Police violence against pro-democracy demonstrators has now reached grotesque proportions. It is now the case that at virtually every major protest, officers can be seen beating defenseless activists and bystanders indiscriminately, stamping on the heads of protesters already in custody, and kneeling on the necks of detainees, a technique that recently became the focus of global attention following the police killing of George Floyd in the United States. Heinous accounts of sexual assault and rape in police custody have also grown to a deafening cacophony. It is an institution totally out of control.
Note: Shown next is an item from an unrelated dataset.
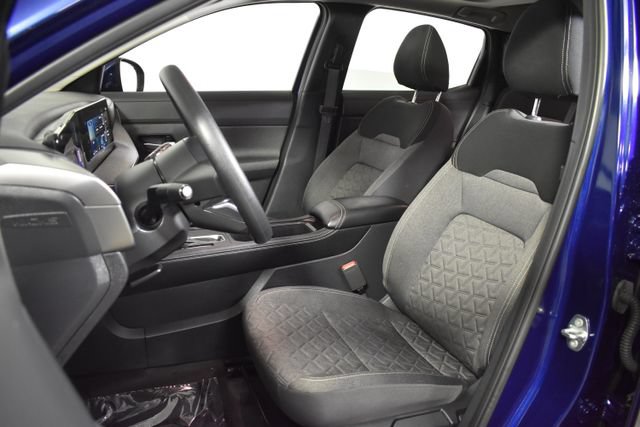Used 2025 Nissan Kicks SV w/ SV Premium Package AWD/4WD image 9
As protests broke out across the globe in the wake of Floyd’s killing, politicians have been forced to respond. An example of this would be the recent decision by the Minneapolis City Council to disband the police department in favor of funding a new community safety program. But while pro-democracy legislators in Hong Kong have led similar calls, the Legislative Council in which they sit has only limited powers and is unable to force reform onto an institution punch-drunk on unchecked power and zero accountability. With democratic legislators set to be forced out of the council entirely, that role will only shrink.

The prospect of the government heeding such calls for change is nonexistent. Hong Kong Chief Executive Carrie Lam, who cornered herself by steadfastly refusing calls for an inquiry into police brutality at the start of the protests, has backed the police to the hilt throughout the saga. The recently released report into the Hong Kong police’s response to the protests by the Independent Police Complaints Council (IPCC) has been widely criticized, with former IPCC panel of experts member Clifford Stott describing the report as “not fit for purpose.” Speaking of his fellow foreign expert panel members, Stott stated: “We were manipulated and put in an awkward position. … There is no way I could have stood by that report.”

Yet the IPCC report unwittingly drew an important contrast between the 1967 riots and the present unrest. For all its brute force, the response by the RHKP to the riots was overwhelmingly supported by the public, heralding an era of unprecedented popularity and respect for a force referred to as “Asia’s finest.” This could not stand in starker contrast to today. Even the statistics of the heavily discredited IPCC report show that 72.6 percent of respondents were dissatisfied with the police’s performance during the protests, with 69.5 percent blaming “use of excessive force/too violent.”

The police’s violent track record and aversion to any accountability have had severe consequences. For one, this behavior has fueled the trend of the most radical protesters responding to police brutality with extreme violence of their own. On July 1, a man alleged to have stabbed a police officer in broad daylight was arrested only after boarding a flight to London the very same day, with the plane being recalled to the gate after taxiing on the tarmac.

The cycle of violence in Hong Kong will continue to escalate as the mainland uses colonial techniques to impose its new order. Martin Purbrick, a former RHKP officer who served in the Special Branch, notes how the Hong Kong police’s present-day “paramilitary internal security mode” means that it has maintained the “same paramilitary structure … from the colonial period to the post-1997 return” of Hong Kong to China.

For it to ever again enjoy support from the public, the Hong Kong police would have to shatter this mold and completely restructure itself into a genuine civil force and away from being a wholly politicized organization that increasingly is answerable only to the central authorities in Beijing. This would have to start with the wholesale dismissal of its senior management who have presided over the saga of the past year.

Yet Beijing has no intention of launching police reform of any kind. In imposing the national security law and canceling the Legislative Council elections, the authorities have decided to double down on their strategy of seeking to extinguish all dissent in Hong Kong. It is a regime that by its very nature seeks not to compromise with but crush any threats to its rule, real or imagined. Post-pandemic, the violence on the streets of Hong Kong will likely not just continue but intensify, driven by a regime intent on extinguishing any and all dissent.